After weeks of government rhetoric advising against a cost-of-living protest, Nigerian banks are choosing caution, telling employees to work from home on Thursday, the first day of the protest. At least five commercial banks told employees at their head office and branches considered to be in volatile areas to stay home, according to several emails seen by TechCabal.
At least two top banks did not ask employees to work remotely, telling them to “dress down” and “avoid protest routes.” Three employees at those banks said several teams still chose to work from home, with team leads citing safety concerns.
“All colleagues in non-essential roles are encouraged to prioritise working remotely from the nearest branch or hub,” said an excerpt from an email communication from a top Nigerian bank. “Colleagues in essential roles working on-site are required to maintain situational awareness and regularly engage supervisors or line managers to provide or receive important updates as applicable.”
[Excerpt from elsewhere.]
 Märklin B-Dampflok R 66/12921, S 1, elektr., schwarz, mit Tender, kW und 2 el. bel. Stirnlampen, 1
Nigeria’s commercial banks are some of the country’s most prominent businesses, valued at trillions of naira. In the 2020 protest to end police brutality, the banks were widely criticised for allegedly freezing bank accounts related to protest organisers. When the protests were infiltrated by thugs, some Nigerian banks were affected by the violence. It has influenced how the banks react to unpredictable situations.
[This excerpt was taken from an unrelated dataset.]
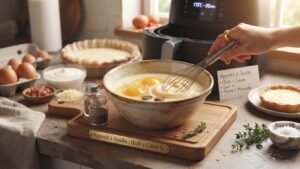 Quiche Air Fryer : prepa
The Lagos state government is also choosing caution, telling people not to protest and surrounding many parts of the city with noticeable police presence. Two people reported significant military presence on the third mainland bridge and several other areas in the business district of Victoria Island.
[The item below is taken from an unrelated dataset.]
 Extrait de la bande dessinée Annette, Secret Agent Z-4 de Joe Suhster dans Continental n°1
At least four state governments have obtained court orders limiting protesters to certain parts of the city. The legality of those court orders has been questioned.
As Nigeria faces its worst economic crisis in a decade, Nigerians are feeling the pinch, with headline and food inflation at record levels. Economic reforms, including a much-needed removal of fuel subsidies and a relaxed FX policy regime, have not delivered the quick wins the government hoped for.